Saar draws from many sources to create her sculpture, graphics, and paintings; she is influenced by the art of ancient Europe, Africa, African American Folk Art, and German Expressionism. Primarily, though, her works tell the stories of the African American experience and these change through time as the times change. Her current exhibition at LA Louver, like her last one there in 2016, is moving and cathartic, addressing the current political climate and how history repeats itself. Although much has changed, Saar conveys how old systems are still in place, impacting the lives of people of color.

Alison Saar grew up in a family of artists: her mother is the renown Betye Saar, an African American artist who gained national attention for her work in the 1960s that directly addressed racism and cultural stereotypes. Alison Saar’s sister, Lezley Saar, is a painter and installation artist whose work engages with the myths and fluid conceptions of both biracial and transgender identities. And her father, Richard Saar, was a ceramic artist. He also had a business for conserving art where Alison Saar worked for many years, intimately learning techniques and styles by restoring works of art ranging from ancient Chinese frescos to African sculpture.

Alison Saar at her studio in Los Angeles

Alison Saar was born and raised in Los Angeles. I visited her home and studio in Laurel Canyon, just a few miles from the house she grew up in, where her mother still lives. Her current home is nestled along one of the narrow, serpentine streets that traverse these magical canyons, filled with architectural jewels including several mid-century, case study homes. As I drove up she was casually dressed, having just arrived home from walking her dog. We spoke in her living room, a space filled with her art, including that of friends and family, as well as folk art that she has collected.

Alison Saar’s studio in Los Angeles

“As a child we often visited Watts and my mother’s grandmother had lived near the Watts Towers. My mother grew up while Simon Rodia was still building them,” said Saar at her studio. “We also visited Grandma Prisbrey’s Bottle Village and Trapper John’s Old West Lodge; this work had an impact on me, influencing and shaping my vision.”

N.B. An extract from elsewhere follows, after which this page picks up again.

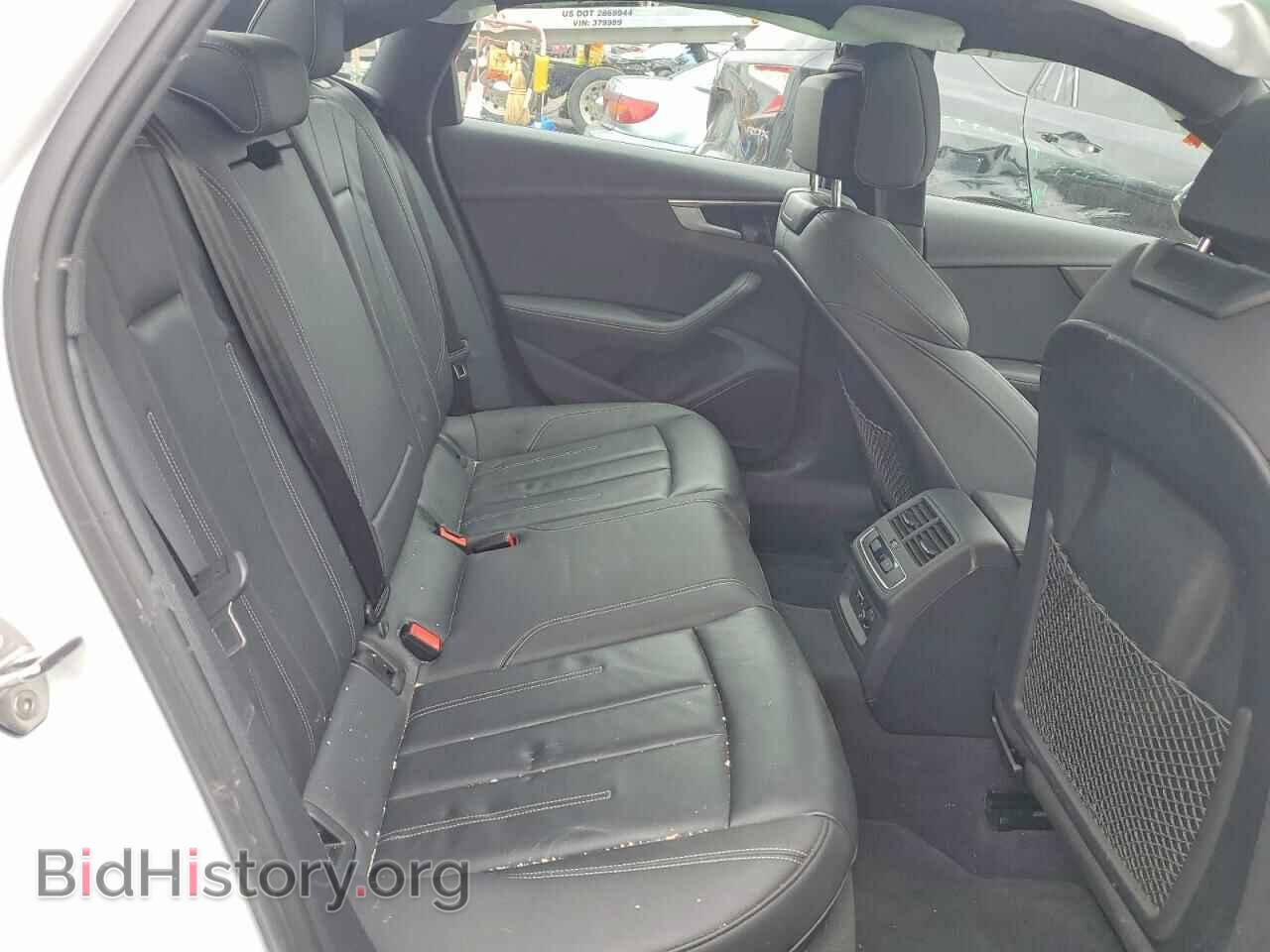 2024 AUDI A4 - VIN: WAUEAAF40RN008907 - Photo 10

While in school at Otis College of Art and Design, Saar worked with fiber art, creating works that referenced Mark Rothko and Tantric Art. At a certain point she realized that she wanted to create art that communicated clearly. “I wanted to make art that told a story, that would engage people. I wanted them to be moved by my work, whether it was specifically what my intentions were or not did not matter. I wanted them to be drawn in and affected by my sculpture.”

For her thesis in art history at Scripps College, Saar focused on the work of self-taught African American artists such as Horace Pippin, William Edmondson, Nellie Mae Rowe, Clementine Hunter, Bill Traylor, and others. Their work, which is often spiritual and spoke directly about their life experiences, affected Saar deeply.

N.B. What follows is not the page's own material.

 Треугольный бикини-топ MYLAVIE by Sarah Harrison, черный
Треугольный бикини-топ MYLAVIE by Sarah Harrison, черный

Alison Saar, “Stanch” (2017) (left) and “Breach” (2017) (right), woodcut on vintage seed sacks

Ancient European art has also been influential for Saar. She is especially drawn to the Kouros, an ancient Greek sculpture of a young, naked man. “There is something in the power and force of its form. The tension between movement and stillness,” she observed. All of these influences can be felt in her sculptures, which explore the power of form to invest a work with emotional resonance.

After Saar graduated from Otis, her husband, Tom Leeser, accepted a job in digital effects in New York City, so they moved into a loft in Chelsea, long before the galleries came. At that time in the early 1980s many people were renovating their spaces in Manhattan — gutting them to make leaner, more modern interiors. Saar was drawn to the tin tiles with designs pressed into them that covered the walls and ceilings of 19th and early 20th-century buildings. The tin tiles would become a signature element in her work, sheathing the sculptures and adorning the frames of her assemblages. She also salvaged posts and beams from the streets of Manhattan, the found materials giving her works the patina of age, the dilapidated look of time weathering and corroding our world. After living in New York for 15 years and giving birth to her two children, Saar and her family returned to Los Angeles.

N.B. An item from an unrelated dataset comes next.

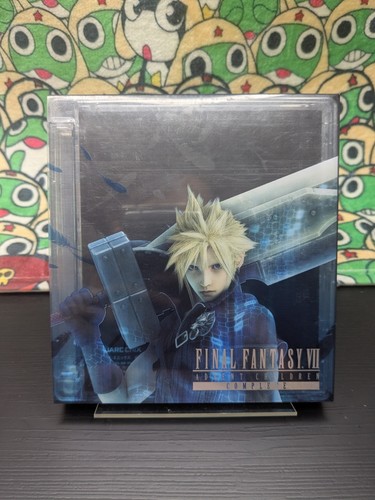Final fantasy vii advent - final,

Installation view of Topsy Turvy at LA Louver (image courtesy LA Louver)

Saar moves freely and seamlessly from the deeply personal to more political work, dealing with the history of race in America. She has made work that speaks of her experience of becoming a mother, creating narratives about the African deity Yemaja, a mother spirit and patron saint, especially of pregnant women. In her current solo show at LA Louver, Saar addresses the history of slavery in America. The title of the exhibit, Topsy Turvy, is a reference to the character Topsy in Uncle Tom’s Cabin. In the novel, the inhuman treatment that rendered her callous and indifferent to life is transformed through love, leading her to be filled with hope and a desire for good.

Saar interprets Topsy as a symbol of defiance and strength. The sculptures stand with various tools of servitude; a sickle in one and a clothing iron in another. One senses that these tools could be turned into weapons, creating a powerful emotional charge to the work. The patina of hammered metal, the tin tiles that Saar has used for years, adds an aura of melancholy pathos to these sculptures. Their tone brings to mind a quote by Zora Neale Hurston, “Grab your broom of anger and drive out the beast of fear.” It is as though these words could have been written about Saar’s work.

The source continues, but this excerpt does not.